Entries shown:

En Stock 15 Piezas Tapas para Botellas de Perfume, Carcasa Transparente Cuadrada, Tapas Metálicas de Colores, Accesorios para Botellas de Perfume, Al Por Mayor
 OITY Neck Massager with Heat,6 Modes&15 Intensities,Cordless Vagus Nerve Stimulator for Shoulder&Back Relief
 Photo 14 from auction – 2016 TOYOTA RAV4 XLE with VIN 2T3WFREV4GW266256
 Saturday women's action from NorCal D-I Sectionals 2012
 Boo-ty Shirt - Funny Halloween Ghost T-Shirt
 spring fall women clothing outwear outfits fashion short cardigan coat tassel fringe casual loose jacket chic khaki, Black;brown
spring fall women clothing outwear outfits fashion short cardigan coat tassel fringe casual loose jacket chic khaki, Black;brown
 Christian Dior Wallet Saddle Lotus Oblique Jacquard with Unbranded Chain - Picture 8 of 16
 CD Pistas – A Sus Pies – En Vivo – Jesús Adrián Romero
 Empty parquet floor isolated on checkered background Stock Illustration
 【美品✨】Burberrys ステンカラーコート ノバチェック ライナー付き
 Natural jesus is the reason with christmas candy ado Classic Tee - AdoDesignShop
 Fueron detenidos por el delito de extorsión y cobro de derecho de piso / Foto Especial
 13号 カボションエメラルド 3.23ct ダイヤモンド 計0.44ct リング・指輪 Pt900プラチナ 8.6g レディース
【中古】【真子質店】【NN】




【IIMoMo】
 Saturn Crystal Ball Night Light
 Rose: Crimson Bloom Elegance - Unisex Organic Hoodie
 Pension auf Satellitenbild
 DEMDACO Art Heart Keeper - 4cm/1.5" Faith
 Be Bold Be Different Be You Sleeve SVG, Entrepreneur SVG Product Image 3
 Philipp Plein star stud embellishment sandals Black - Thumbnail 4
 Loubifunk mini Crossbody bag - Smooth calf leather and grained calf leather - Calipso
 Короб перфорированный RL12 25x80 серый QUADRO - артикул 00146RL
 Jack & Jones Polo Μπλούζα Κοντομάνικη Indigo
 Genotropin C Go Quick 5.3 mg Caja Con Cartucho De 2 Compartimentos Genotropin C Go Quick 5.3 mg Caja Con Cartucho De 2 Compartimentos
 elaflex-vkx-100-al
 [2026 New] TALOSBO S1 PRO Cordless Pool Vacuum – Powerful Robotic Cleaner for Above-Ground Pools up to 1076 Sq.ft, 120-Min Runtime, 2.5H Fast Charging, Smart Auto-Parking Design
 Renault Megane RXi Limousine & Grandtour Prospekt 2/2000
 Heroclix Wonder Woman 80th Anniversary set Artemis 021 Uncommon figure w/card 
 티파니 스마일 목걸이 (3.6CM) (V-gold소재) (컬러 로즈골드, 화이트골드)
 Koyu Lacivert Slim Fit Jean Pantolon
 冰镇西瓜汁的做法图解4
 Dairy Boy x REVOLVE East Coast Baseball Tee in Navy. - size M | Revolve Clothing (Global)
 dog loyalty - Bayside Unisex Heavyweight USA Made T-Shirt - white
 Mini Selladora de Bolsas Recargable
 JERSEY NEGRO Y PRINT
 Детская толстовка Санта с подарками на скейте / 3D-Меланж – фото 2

What to produce:
Write the entries out again, exactly and completely.

Task response:
En Stock 15 Piezas Tapas para Botellas de Perfume, Carcasa Transparente Cuadrada, Tapas Metálicas de Colores, Accesorios para Botellas de Perfume, Al Por Mayor
 OITY Neck Massager with Heat,6 Modes&15 Intensities,Cordless Vagus Nerve Stimulator for Shoulder&Back Relief
 Photo 14 from auction – 2016 TOYOTA RAV4 XLE with VIN 2T3WFREV4GW266256
 Saturday women's action from NorCal D-I Sectionals 2012
 Boo-ty Shirt - Funny Halloween Ghost T-Shirt
 spring fall women clothing outwear outfits fashion short cardigan coat tassel fringe casual loose jacket chic khaki, Black;brown
spring fall women clothing outwear outfits fashion short cardigan coat tassel fringe casual loose jacket chic khaki, Black;brown
 Christian Dior Wallet Saddle Lotus Oblique Jacquard with Unbranded Chain - Picture 8 of 16
 CD Pistas – A Sus Pies – En Vivo – Jesús Adrián Romero
 Empty parquet floor isolated on checkered background Stock Illustration
 【美品✨】Burberrys ステンカラーコート ノバチェック ライナー付き
 Natural jesus is the reason with christmas candy ado Classic Tee - AdoDesignShop
 Fueron detenidos por el delito de extorsión y cobro de derecho de piso / Foto Especial
 13号 カボションエメラルド 3.23ct ダイヤモンド 計0.44ct リング・指輪 Pt900プラチナ 8.6g レディース
【中古】【真子質店】【NN】




【IIMoMo】
 Saturn Crystal Ball Night Light
 Rose: Crimson Bloom Elegance - Unisex Organic Hoodie
 Pension auf Satellitenbild
 DEMDACO Art Heart Keeper - 4cm/1.5" Faith
 Be Bold Be Different Be You Sleeve SVG, Entrepreneur SVG Product Image 3
 Philipp Plein star stud embellishment sandals Black - Thumbnail 4
 Loubifunk mini Crossbody bag - Smooth calf leather and grained calf leather - Calipso
 Короб перфорированный RL12 25x80 серый QUADRO - артикул 00146RL
 Jack & Jones Polo Μπλούζα Κοντομάνικη Indigo
 Genotropin C Go Quick 5.3 mg Caja Con Cartucho De 2 Compartimentos Genotropin C Go Quick 5.3 mg Caja Con Cartucho De 2 Compartimentos
 elaflex-vkx-100-al
 [2026 New] TALOSBO S1 PRO Cordless Pool Vacuum – Powerful Robotic Cleaner for Above-Ground Pools up to 1076 Sq.ft, 120-Min Runtime, 2.5H Fast Charging, Smart Auto-Parking Design
 Renault Megane RXi Limousine & Grandtour Prospekt 2/2000
 Heroclix Wonder Woman 80th Anniversary set Artemis 021 Uncommon figure w/card 
 티파니 스마일 목걸이 (3.6CM) (V-gold소재) (컬러 로즈골드, 화이트골드)
 Koyu Lacivert Slim Fit Jean Pantolon
 冰镇西瓜汁的做法图解4
 Dairy Boy x REVOLVE East Coast Baseball Tee in Navy. - size M | Revolve Clothing (Global)
 dog loyalty - Bayside Unisex Heavyweight USA Made T-Shirt - white
 Mini Selladora de Bolsas Recargable
 JERSEY NEGRO Y PRINT
 Детская толстовка Санта с подарками на скейте / 3D-Меланж – фото 2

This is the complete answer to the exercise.